- _EXTRACTED RECORDS_:

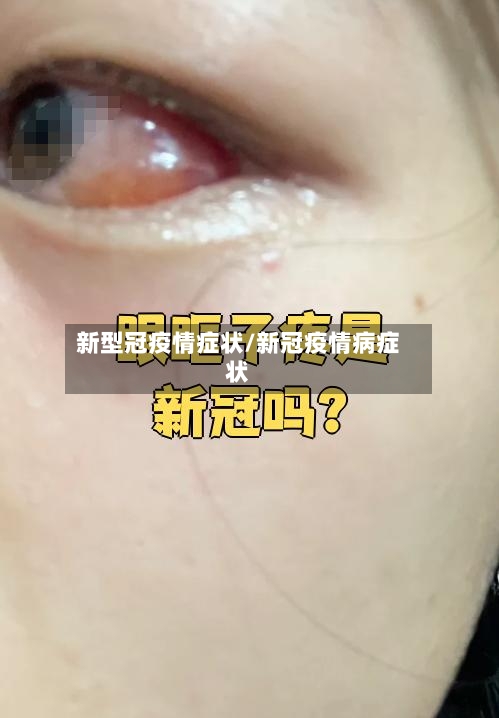 新型冠疫情症状/新冠疫情病症状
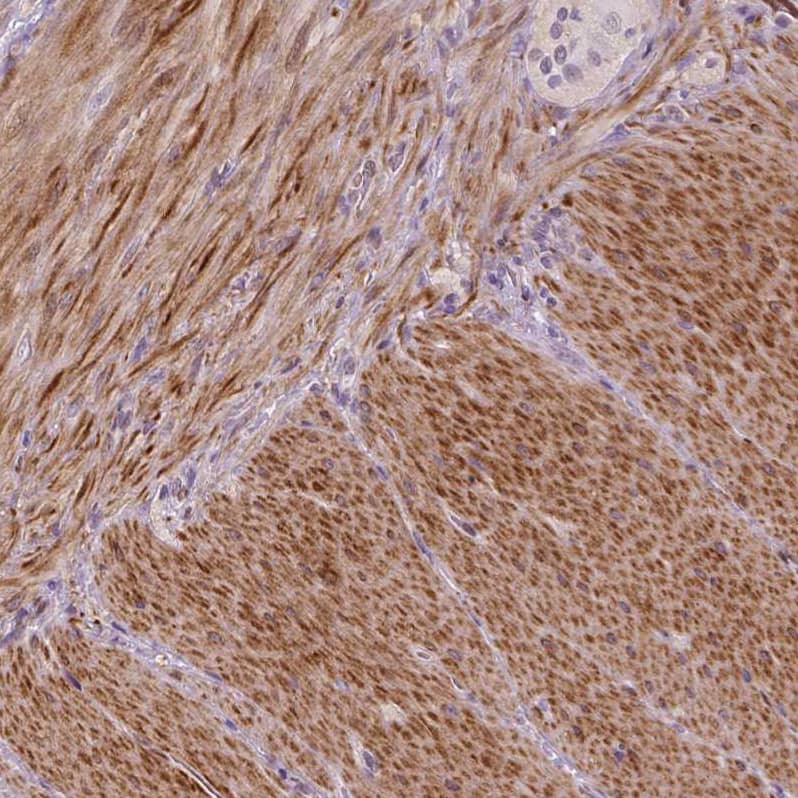 PTGER3 Antibody - BSA Free Immunohistochemistry-Paraffin: PTGER3 Antibody - BSA Free [NBP1-84835]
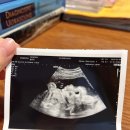 효성의료기 | [임신] 정밀초음파 대구 김정식 영상의학과의원
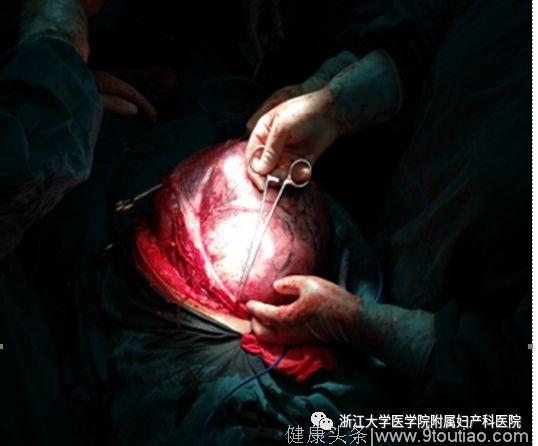小小子宫肌瘤长成“巨型炸弹”，浙大妇院专家如何“成功拆弹”？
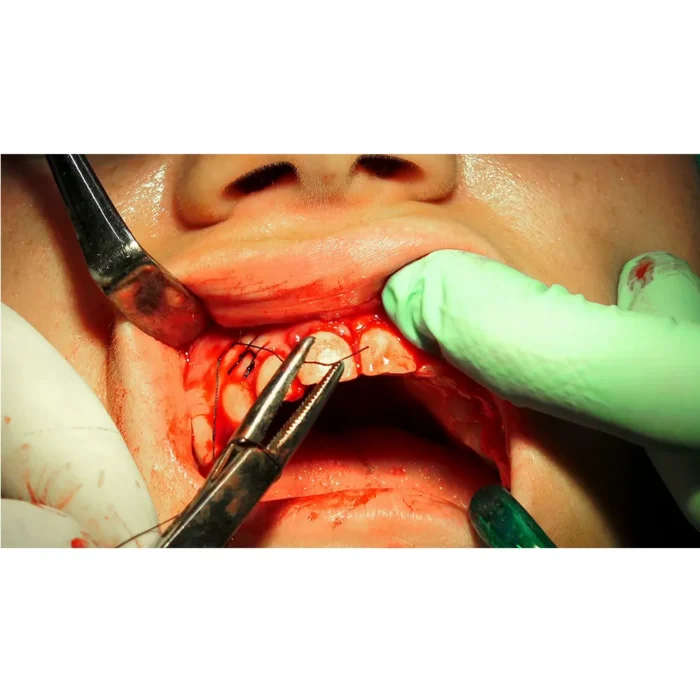 needle_holder2_1_3 needle_holder2_1_3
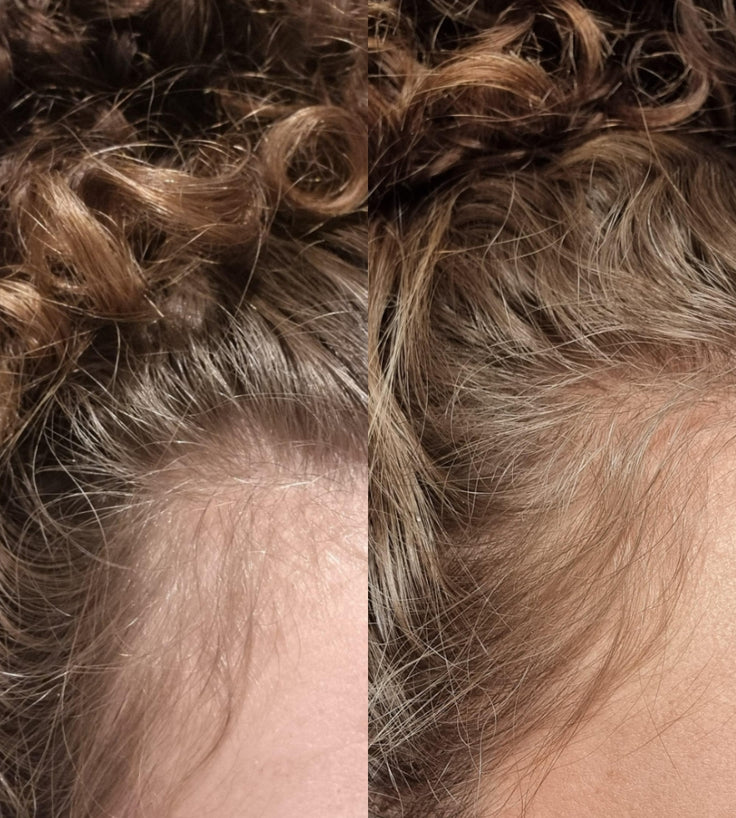 Golden Effect Serum + Mask + Scrub (vette hoofdhuid)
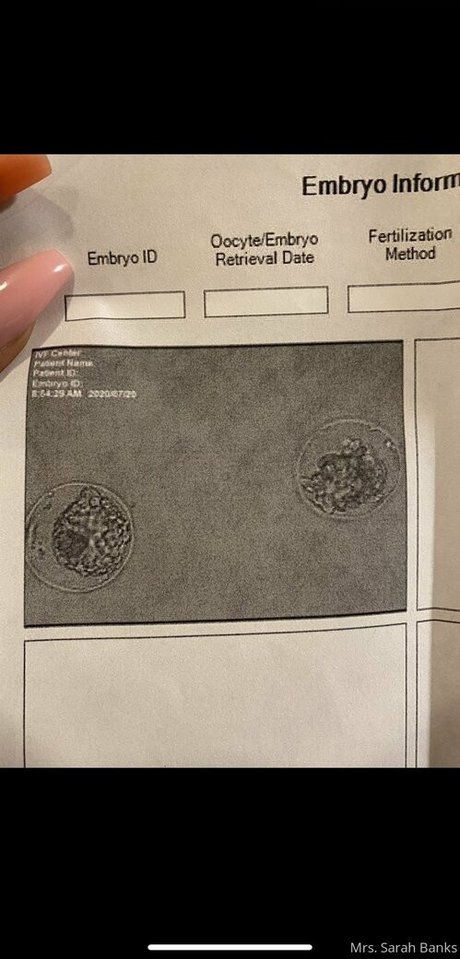 schönes gesicht nur fans kunst pornographische galerien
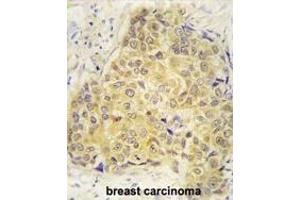 Formalin-fixed and paraffin-embedded human breast carcinoma tissue reacted with SEA antibody (Center) (ABIN392177 and ABIN2841890) , which was peroxidase-conjugated to the secondary antibody, followed by DAB staining.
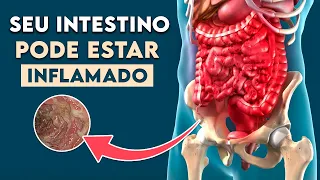 INTESTINO INFLAMADO: Sintomas de Doença Inflamatória Intestinal │ Doença de Crohn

- _EXERCISE OBJECTIVE_: With the images removed, give back every entry exactly as shown.

- _ANSWER BOX_:
 新型冠疫情症状/新冠疫情病症状
 PTGER3 Antibody - BSA Free Immunohistochemistry-Paraffin: PTGER3 Antibody - BSA Free [NBP1-84835]
 효성의료기 | [임신] 정밀초음파 대구 김정식 영상의학과의원
小小子宫肌瘤长成“巨型炸弹”，浙大妇院专家如何“成功拆弹”？
 needle_holder2_1_3 needle_holder2_1_3
 Golden Effect Serum + Mask + Scrub (vette hoofdhuid)
 schönes gesicht nur fans kunst pornographische galerien
 Formalin-fixed and paraffin-embedded human breast carcinoma tissue reacted with SEA antibody (Center) (ABIN392177 and ABIN2841890) , which was peroxidase-conjugated to the secondary antibody, followed by DAB staining.
 INTESTINO INFLAMADO: Sintomas de Doença Inflamatória Intestinal │ Doença de Crohn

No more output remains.